▶ WHAT TO DO: Below, find the line containing "Panda bracelet uk" and the line containing "Channel Avatar"; reproduce exactly those two and every line between them, omitting pictures.

▶ RECORD SET:

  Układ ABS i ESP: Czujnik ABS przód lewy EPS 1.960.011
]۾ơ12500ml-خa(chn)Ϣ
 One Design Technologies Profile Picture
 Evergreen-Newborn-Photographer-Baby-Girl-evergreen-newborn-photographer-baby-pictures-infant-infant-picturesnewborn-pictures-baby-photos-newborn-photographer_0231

* * *

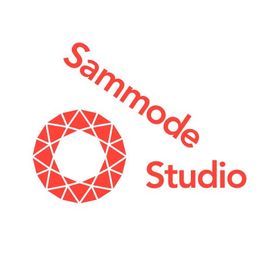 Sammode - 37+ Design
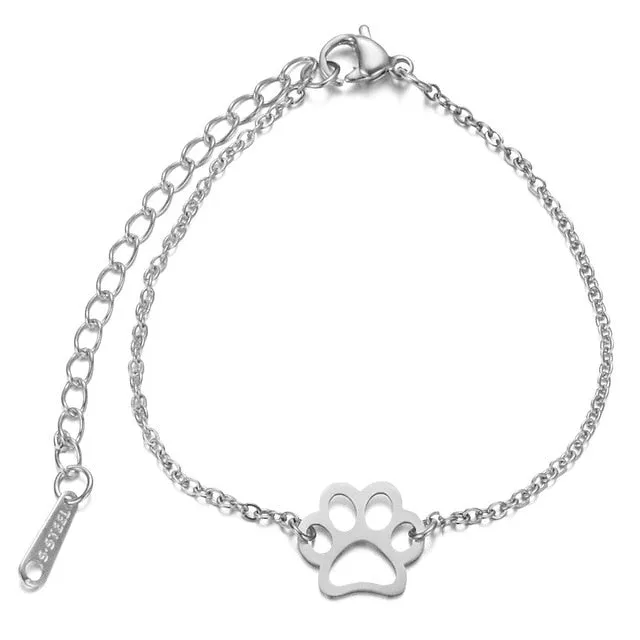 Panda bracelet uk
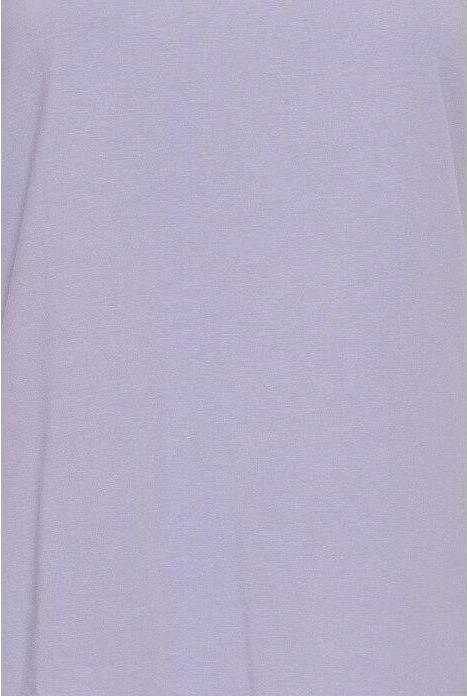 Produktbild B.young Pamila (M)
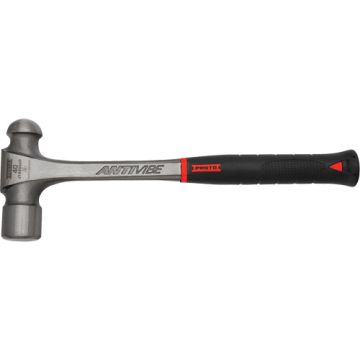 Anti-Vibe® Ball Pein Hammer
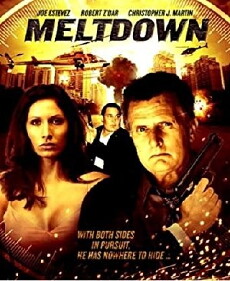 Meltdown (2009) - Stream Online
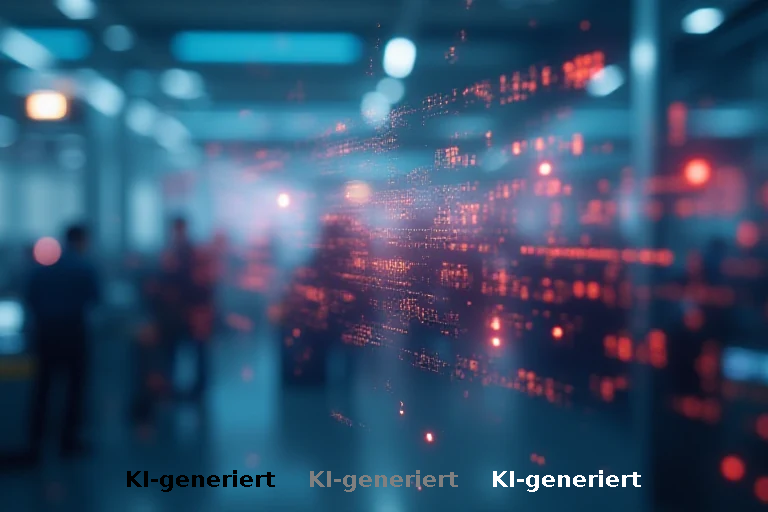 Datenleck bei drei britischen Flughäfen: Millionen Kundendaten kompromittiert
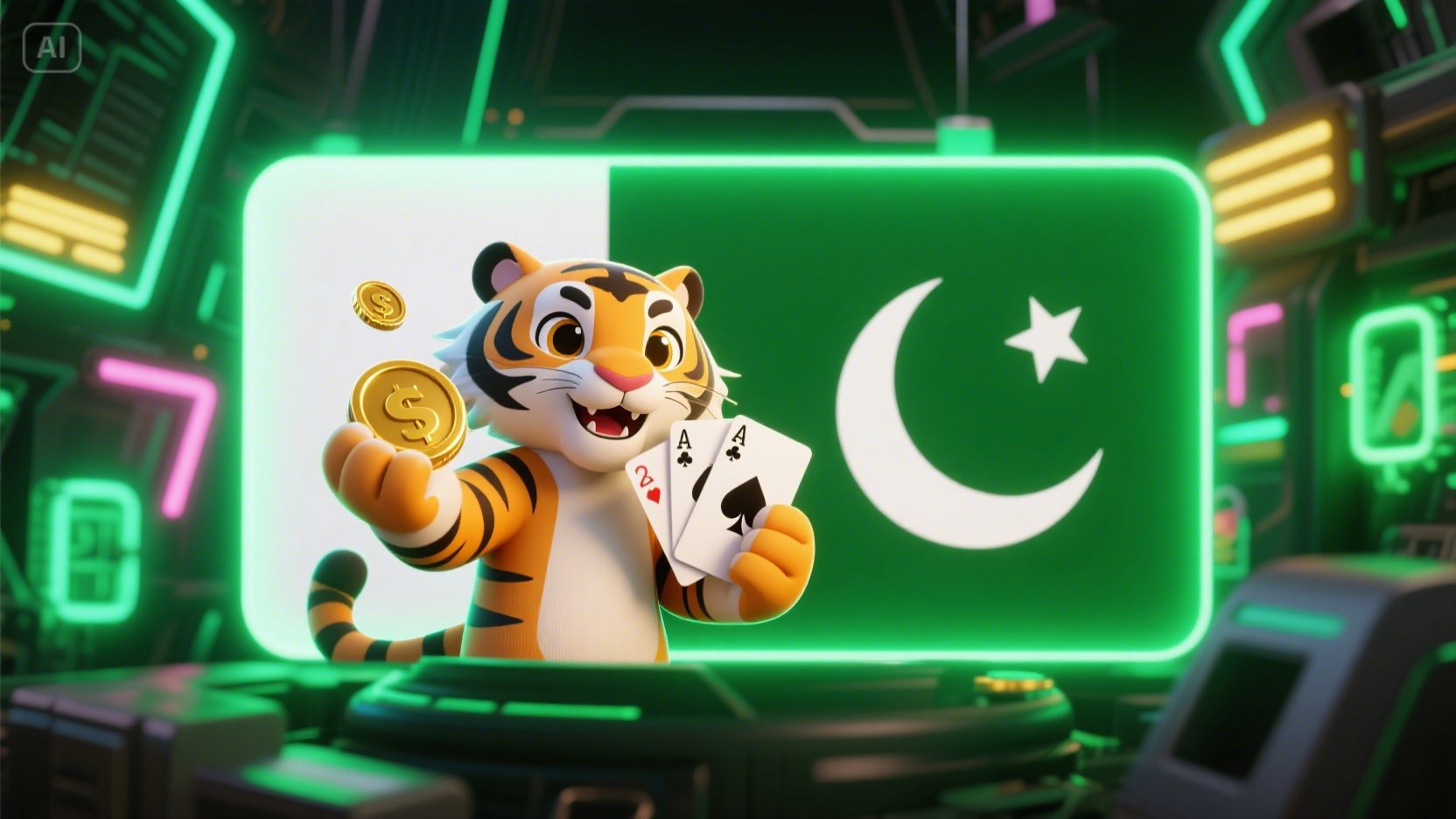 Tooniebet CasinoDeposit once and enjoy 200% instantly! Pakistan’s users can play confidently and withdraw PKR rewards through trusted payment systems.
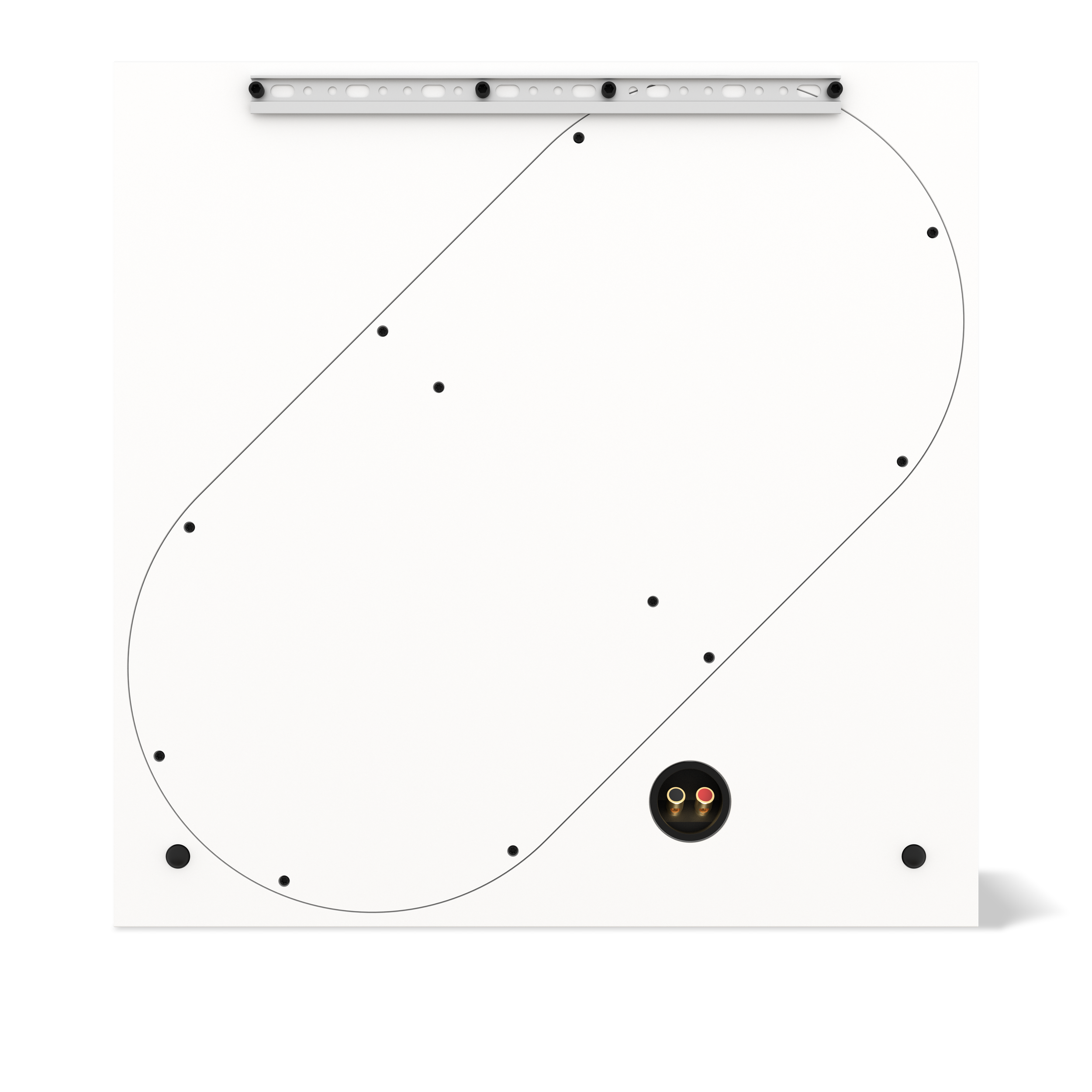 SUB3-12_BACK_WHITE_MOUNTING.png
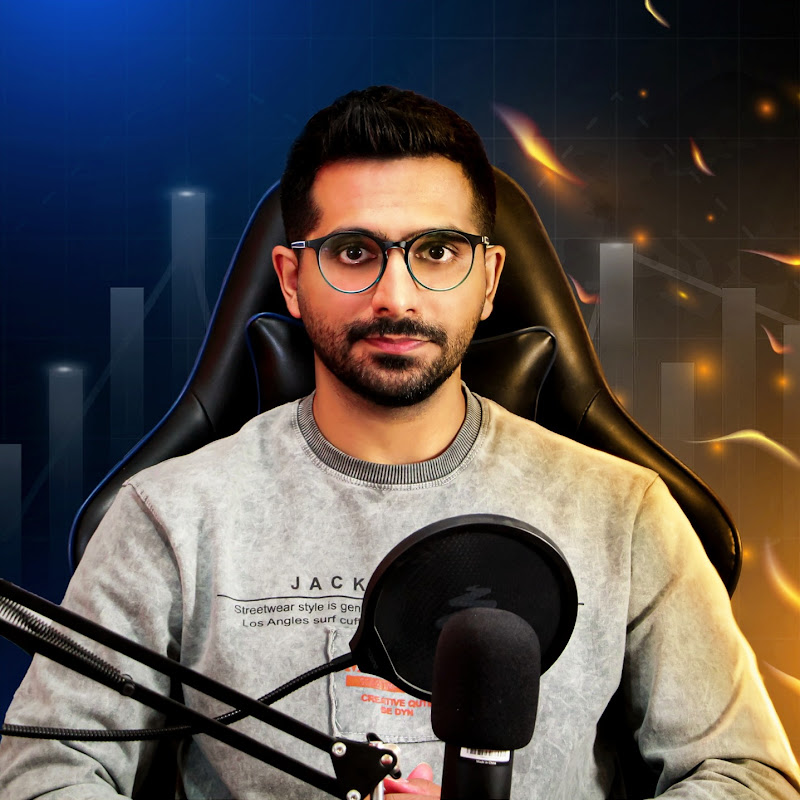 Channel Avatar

* * *

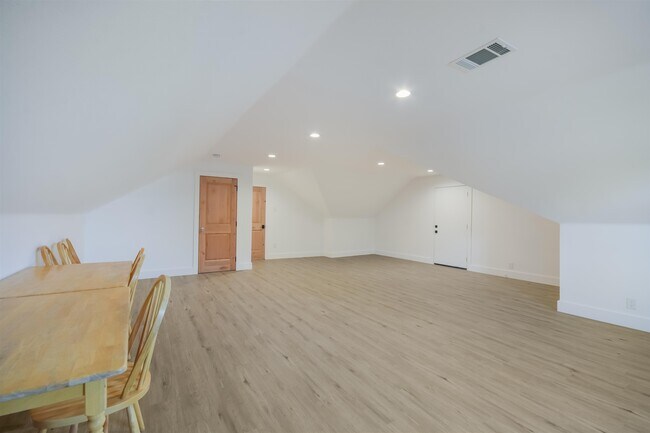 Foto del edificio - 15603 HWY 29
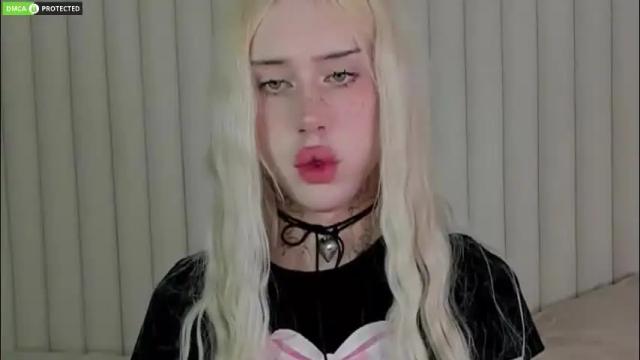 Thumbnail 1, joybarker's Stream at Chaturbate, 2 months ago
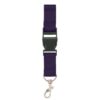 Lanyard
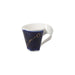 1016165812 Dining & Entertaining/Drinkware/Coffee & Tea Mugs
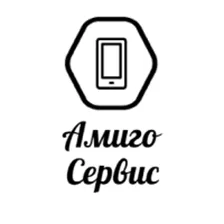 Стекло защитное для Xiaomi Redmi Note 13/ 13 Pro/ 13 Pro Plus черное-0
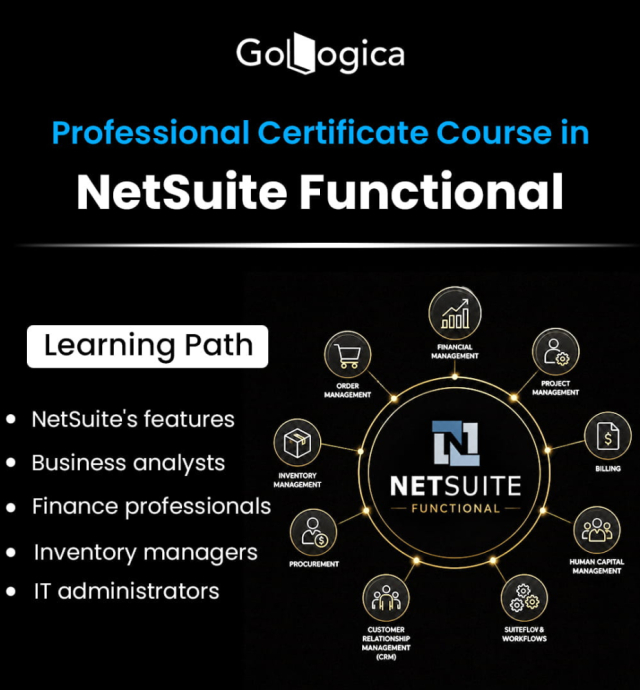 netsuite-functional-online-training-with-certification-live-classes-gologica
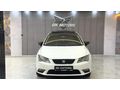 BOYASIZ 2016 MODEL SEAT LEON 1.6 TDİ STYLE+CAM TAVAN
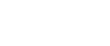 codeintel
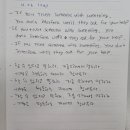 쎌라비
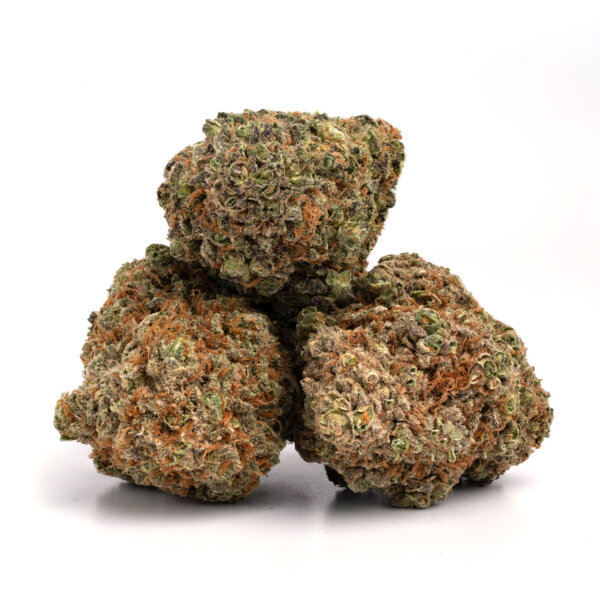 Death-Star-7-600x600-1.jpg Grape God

▶ OUTPUT OF THE EXERCISE:
 Panda bracelet uk
 Produktbild B.young Pamila (M)
 Anti-Vibe® Ball Pein Hammer
 Meltdown (2009) - Stream Online
 Datenleck bei drei britischen Flughäfen: Millionen Kundendaten kompromittiert
 Tooniebet CasinoDeposit once and enjoy 200% instantly! Pakistan’s users can play confidently and withdraw PKR rewards through trusted payment systems.
 SUB3-12_BACK_WHITE_MOUNTING.png
 Channel Avatar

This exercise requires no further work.